Go through the listing below and repeat it exactly, omitting each picture.

> **AVAILABLE DATA**
::::
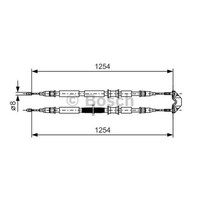 Bosch Handbremsseil Bremsseil Passend FüR Opel Astra G CC F48_ F08_ F35_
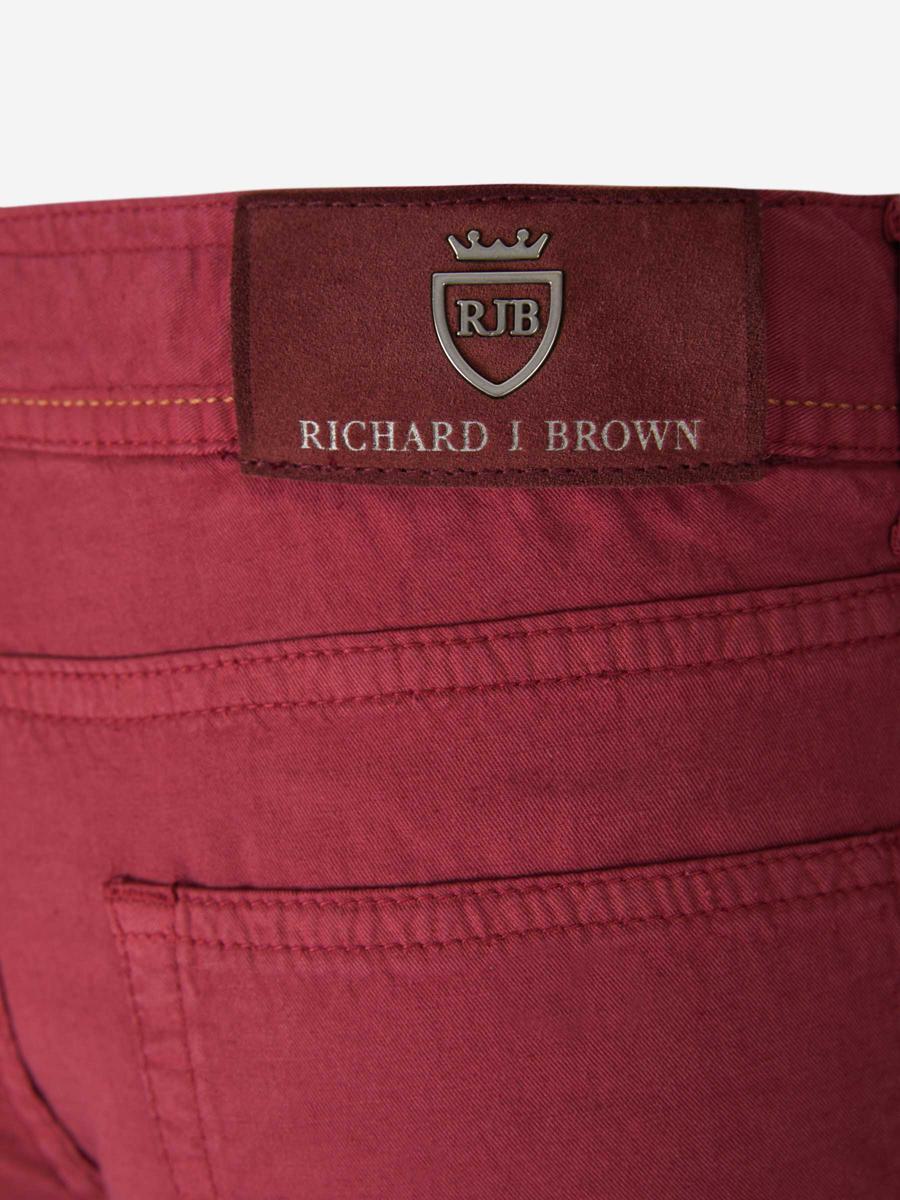 Shop Richard J Brown Richard J. Brown Milano Jeans In Strawberry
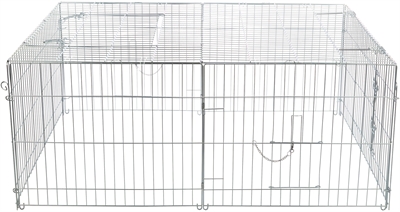 Natura Knaagdierren Met Dak Gegalvaniseerd Metaal 144X58X116 Cm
::::
> **EXERCISE OUTPUT**
 Bosch Handbremsseil Bremsseil Passend FüR Opel Astra G CC F48_ F08_ F35_
 Shop Richard J Brown Richard J. Brown Milano Jeans In Strawberry
 Natura Knaagdierren Met Dak Gegalvaniseerd Metaal 144X58X116 Cm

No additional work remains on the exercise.